Süleymaniye’de aileler çocuklarının eğitimi için borçlanıyor

Eğitim sistemindeki ayrımcılığın, toplumsal sınıflaşmayı da derinleştirdiğine dikkat çeken Kürtçe öğretmeni Nesrin Ahmed, eğitim sistemindeki ayrımcılığa ve adaletsizliğe dikkat çekiyor.

ŞÎRÎN SALIH

Süleymaniye - Ayrımcılık yaşamın birçok alanında insanların karşısına çıkan bir olgu ancak en etkin ve acımasız yaşanan alanlardan biri eğitim. Eğitim sistemindeki ayrımcılık çocuğun tüm yaşamını etkisi altına alan ve aynı zamanda yetişkinlik döneminin de şekillenmesini sağlayan bir silah olarak kullanılıyor. Süleymaniye de devlet okullarının kısıtlı imkanları, kapasitelerini aşan öğrenci sayısı nedeniyle eğitim sisteminin tartışmalı olduğu yerlerden biri. Aileler çocuklarını son çare olarak özel okullara göndermeyi tercih ediyor. Bu duruma gücü yetmeyen aileler ise son çare olarak borçlanmayı göze alıyor. Qirga Şehitler Okulu’nda Kürtçe öğretmenliği yapan Nesrin Ahmed, eğitim sistemindeki ayrımcılığı ve topluma yansımasını anlattı.

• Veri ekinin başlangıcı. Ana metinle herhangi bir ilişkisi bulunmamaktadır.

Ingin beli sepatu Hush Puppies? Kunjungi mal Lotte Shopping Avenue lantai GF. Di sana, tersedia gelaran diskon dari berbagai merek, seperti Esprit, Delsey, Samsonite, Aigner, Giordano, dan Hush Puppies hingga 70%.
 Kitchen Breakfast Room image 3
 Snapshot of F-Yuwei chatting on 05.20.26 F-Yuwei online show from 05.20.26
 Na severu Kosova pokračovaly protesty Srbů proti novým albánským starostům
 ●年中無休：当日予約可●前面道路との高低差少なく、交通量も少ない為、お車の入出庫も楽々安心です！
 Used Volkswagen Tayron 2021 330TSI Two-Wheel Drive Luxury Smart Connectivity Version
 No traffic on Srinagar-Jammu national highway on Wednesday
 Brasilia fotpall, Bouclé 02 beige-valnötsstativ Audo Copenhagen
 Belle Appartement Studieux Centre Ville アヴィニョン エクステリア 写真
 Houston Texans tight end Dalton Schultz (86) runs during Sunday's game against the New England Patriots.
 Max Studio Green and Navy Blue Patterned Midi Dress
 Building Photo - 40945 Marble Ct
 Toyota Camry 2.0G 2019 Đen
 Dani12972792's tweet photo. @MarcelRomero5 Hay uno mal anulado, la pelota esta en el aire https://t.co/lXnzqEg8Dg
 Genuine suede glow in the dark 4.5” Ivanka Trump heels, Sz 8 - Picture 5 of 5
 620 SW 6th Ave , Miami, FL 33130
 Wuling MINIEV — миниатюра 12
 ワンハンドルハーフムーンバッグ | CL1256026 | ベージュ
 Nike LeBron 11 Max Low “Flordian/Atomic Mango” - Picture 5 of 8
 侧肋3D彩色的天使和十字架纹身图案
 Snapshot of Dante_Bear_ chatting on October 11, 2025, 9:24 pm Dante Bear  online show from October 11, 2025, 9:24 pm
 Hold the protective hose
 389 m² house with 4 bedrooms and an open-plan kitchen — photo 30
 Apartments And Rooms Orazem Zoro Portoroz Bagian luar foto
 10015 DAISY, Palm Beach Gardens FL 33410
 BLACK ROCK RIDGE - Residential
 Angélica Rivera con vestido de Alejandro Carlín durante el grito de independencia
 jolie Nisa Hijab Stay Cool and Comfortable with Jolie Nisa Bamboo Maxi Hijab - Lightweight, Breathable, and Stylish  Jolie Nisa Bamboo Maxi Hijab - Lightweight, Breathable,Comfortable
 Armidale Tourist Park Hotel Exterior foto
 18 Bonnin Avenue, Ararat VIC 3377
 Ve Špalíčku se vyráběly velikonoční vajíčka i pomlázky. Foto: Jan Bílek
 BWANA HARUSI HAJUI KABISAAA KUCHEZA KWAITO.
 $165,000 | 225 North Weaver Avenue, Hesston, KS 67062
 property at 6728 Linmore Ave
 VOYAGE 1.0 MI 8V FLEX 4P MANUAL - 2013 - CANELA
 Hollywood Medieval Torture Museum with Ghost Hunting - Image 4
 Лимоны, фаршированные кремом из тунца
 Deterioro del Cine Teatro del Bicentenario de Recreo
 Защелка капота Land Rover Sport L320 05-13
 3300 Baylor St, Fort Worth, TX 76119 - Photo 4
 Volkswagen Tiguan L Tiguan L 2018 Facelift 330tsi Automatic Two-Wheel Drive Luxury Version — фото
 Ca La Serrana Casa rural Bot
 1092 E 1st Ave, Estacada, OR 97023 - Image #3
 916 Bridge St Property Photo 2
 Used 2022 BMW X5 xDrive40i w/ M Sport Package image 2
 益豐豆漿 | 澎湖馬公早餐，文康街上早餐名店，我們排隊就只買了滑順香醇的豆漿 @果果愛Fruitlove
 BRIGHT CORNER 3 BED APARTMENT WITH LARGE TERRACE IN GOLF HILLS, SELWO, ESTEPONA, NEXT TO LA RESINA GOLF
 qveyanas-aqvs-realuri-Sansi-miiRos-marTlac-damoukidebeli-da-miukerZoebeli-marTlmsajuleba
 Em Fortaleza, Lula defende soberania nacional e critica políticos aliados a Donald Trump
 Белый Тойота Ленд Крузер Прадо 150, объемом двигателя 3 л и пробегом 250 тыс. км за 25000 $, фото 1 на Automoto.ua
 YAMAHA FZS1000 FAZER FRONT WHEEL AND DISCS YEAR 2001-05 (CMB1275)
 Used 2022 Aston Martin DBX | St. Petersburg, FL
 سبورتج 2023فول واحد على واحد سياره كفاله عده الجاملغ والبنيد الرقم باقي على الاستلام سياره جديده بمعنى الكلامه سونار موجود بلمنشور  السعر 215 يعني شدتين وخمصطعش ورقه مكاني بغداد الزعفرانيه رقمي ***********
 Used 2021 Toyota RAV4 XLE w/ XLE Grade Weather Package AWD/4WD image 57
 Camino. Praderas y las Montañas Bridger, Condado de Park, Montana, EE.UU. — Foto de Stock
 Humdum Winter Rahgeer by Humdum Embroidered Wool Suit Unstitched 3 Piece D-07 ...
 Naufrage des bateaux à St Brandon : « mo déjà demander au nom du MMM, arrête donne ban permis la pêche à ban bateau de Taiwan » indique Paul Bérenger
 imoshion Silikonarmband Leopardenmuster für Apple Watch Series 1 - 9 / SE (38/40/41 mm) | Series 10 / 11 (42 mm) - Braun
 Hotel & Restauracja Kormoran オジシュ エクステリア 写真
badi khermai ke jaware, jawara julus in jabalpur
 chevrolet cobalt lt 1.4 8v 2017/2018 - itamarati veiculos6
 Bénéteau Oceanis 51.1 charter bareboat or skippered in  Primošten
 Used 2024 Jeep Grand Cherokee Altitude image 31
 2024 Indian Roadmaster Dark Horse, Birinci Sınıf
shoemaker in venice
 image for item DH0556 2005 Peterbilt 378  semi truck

Devlet okulları tercih edilmiyor

Devlet okullarında kapasitenin üzerindeki öğrenci sayısının, öğretmenlerin yöntem ve tekniklerin daha sınırlı ve kısıtlı olması gibi nedenlerden kaynaklı ailelerin özel okulları tercih ettiğini söyleyen Nesrin Ahmed, “Her anne baba çocuğunun en iyi ortamda eğitim görmesini ister. Maddi durumu çok iyi olan aileler çocuklarını özel okullara gönderiyor, maddi durumu kötü olan aileler de devlet okullarındaki eğitimin sağlıklı bir ortamda verilmediğinden ve yöntem bakımından zengin olmadığından kaynaklı çocuklarını özel okula göndermek için borçlanıyor" diye konuştu.

'Bir sınıfta 40 öğrenci var'

Nesrin Ahmed, öğretim sistemine göre her sınıfta 25'ten fazla öğrenci olmaması gerektiğini ancak devlet okullarında bir sınıfta 40 öğrenci olduğunu söyleyerek bu durumun öğrencinin öğrenme kapasitesini etkilediğini ifade etti. Nesrin Ahmed, ayrıca devlet okullarının arasında bile farklılıklar olduğunu kimi devlet okullarının özel okulun koşullarına sahip olduğunu fakat bu okullara halktan kişilerin değil belirli bir zümrenin çocuklarının gidebildiğini anlattı.

Özel okul ve devlet okulu arasındaki farkın yaşamada yansıdığını sözlerine ekleyen eğitimci Nesrin Ahmed, bu durumun toplum içindeki sınıflaşmayı da derinleştirdiği görüşünde.

'Henüz kitap almamış öğrenciler var'

Devlet okullarının imkansızlıklarından bahseden Nesrin Ahmed, "Devlet okullarında eğitim materyalleri eşit olarak dağıtılmıyor. Henüz yeni kitap almamış öğrencilerimiz var, bu yüzden eski kitaplarla çalışıyorlar" diyerek, bir diğer ihmalin de devlet okullarının öğretmenlerine hak ettikleri değerin verilmemesi olduğunu söyledi.